ON THE EVE OF MIKE PIAZZA’S INDUCTION INTO THE BASEBALL HALL OF FAME, EDDIE TRUNK REFLECTS ON THE PAIR’S FRIENDSHIP AND LOVE OF HEAVY METAL

Evan Grossman of the New York Daily News wrote a feature article on Eddie’s friendship with baseball player, and soon to be Hall of Famer, Mike Piazza. Excerpts from the story appear below.

The night of the legendary 9/11 home run, when Mike Piazza lifted the Mets to victory and a city in mourning with a towering blast to center field, he left Shea Stadium and made the familiar trip into the city to sit in on radio host Eddie Trunk’s late-night heavy metal music show on WNEW. It’s something he did often when he played for the Mets, and that night was no different.

“That’s never going to be forgotten, man,” Trunk said when Piazza walked in the door the evening of September 21st, 2001. “That’s as big as it gets.”

Piazza made semi-regular appearances on Trunk’s shows on WNEW and Q104.3 during his eight years with the Mets. Even after some of the biggest moments of his Mets career, like that home run against the Braves that allowed the city to breathe again, he made it a point to hang with Trunk and spin records on the air.
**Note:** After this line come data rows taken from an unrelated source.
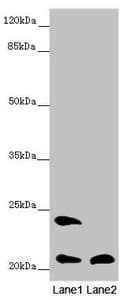 Polyclonal Rabbit anti-Human MSRB3 Antibody (IHC, WB)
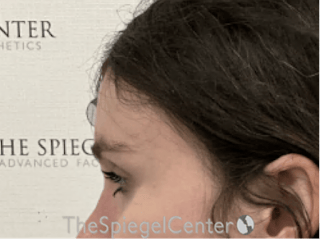 Forehead Contouring Before & After Gallery - Patient 874990 - Image 4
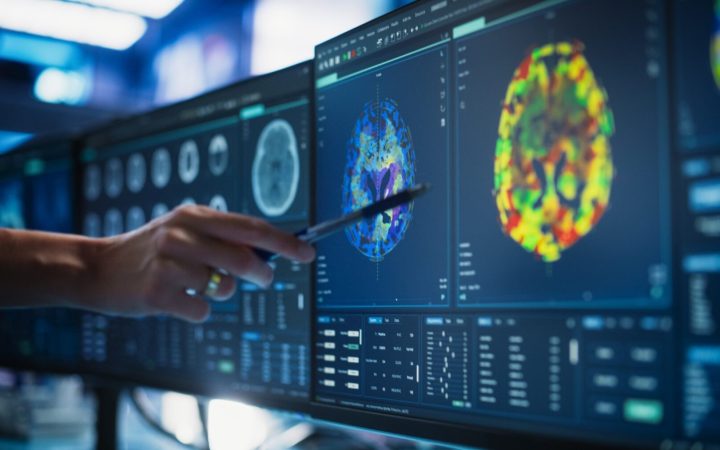 doctor indică tumori cerebrale pe un CT cerebral
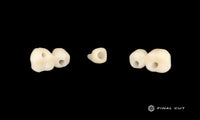 PMMA Implant Crown & Bridge - Milling Service - FinalCut™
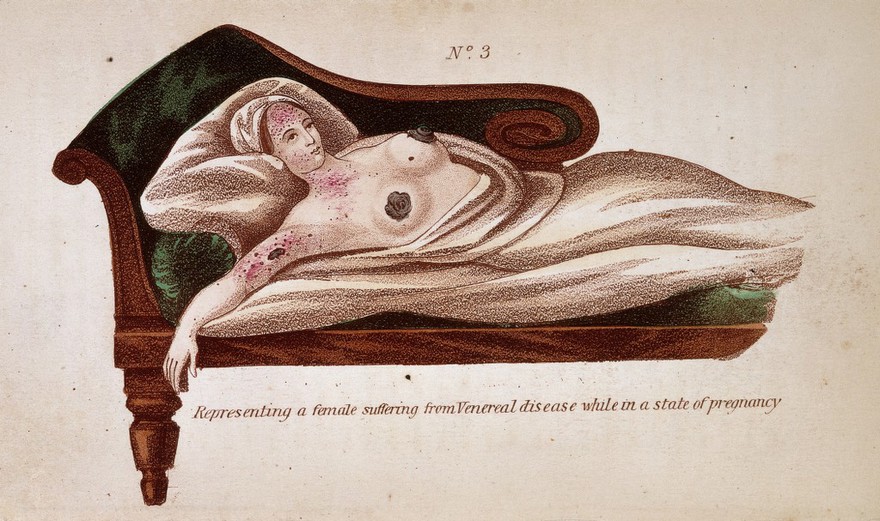 Representing a female suffering from Venereal disease while in a state of pregnancy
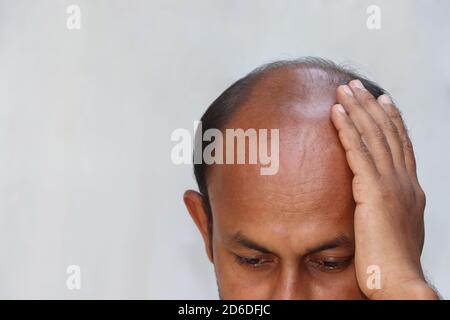 Halb kahlköpfiger asiatischer Mann verärgert über weiteren Haarausfall Problem isoliert auf dem weißen Hintergrund des Kopierbereichs Stockfoto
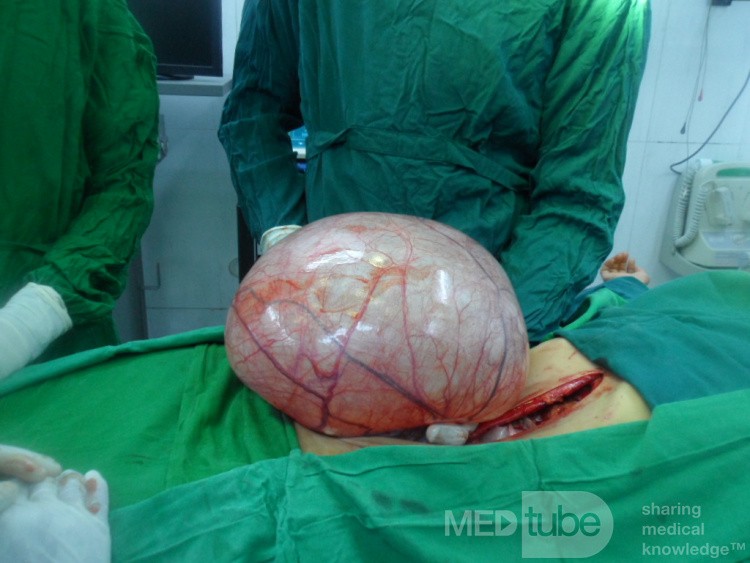 Huge left ovarian cyst 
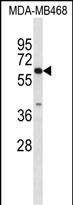 Rabbit Polyclonal Antibody to CES7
“I knew it was a massive moment in the history of sports and New York and all of that. But we didn’t really talk too much about that,” Trunk told the Daily News of the 9/11 homer. “We certainly acknowledged it, but he came to do my show very much as an escape from baseball.”

“This was his way to blow off some steam and have some fun. So the last thing he wanted was to come on a radio show and do a dissection of that night’s game. He’d just play music with me and we’d talk…”

…What other athletes can you name who would regularly leave the ballpark and play co-host of a heavy metal show late into the night, sometimes before a day game, just because he liked the music so much?

“My Yankees fans would always complain we didn’t have any Yankees and I said any time Derek Jeter wants to come in at midnight and play Metallica records with me, the door’s wide open,” Trunk said.

Like a Cameron Crowe movie, Trunk, a heavy metal institution, formed a fast friendship with Piazza over the music. They connected through a mutual friend and “a year or two into his Mets run,” Trunk said, Piazza asked if he could come in and check out Trunk’s radio show. Piazza was a fan.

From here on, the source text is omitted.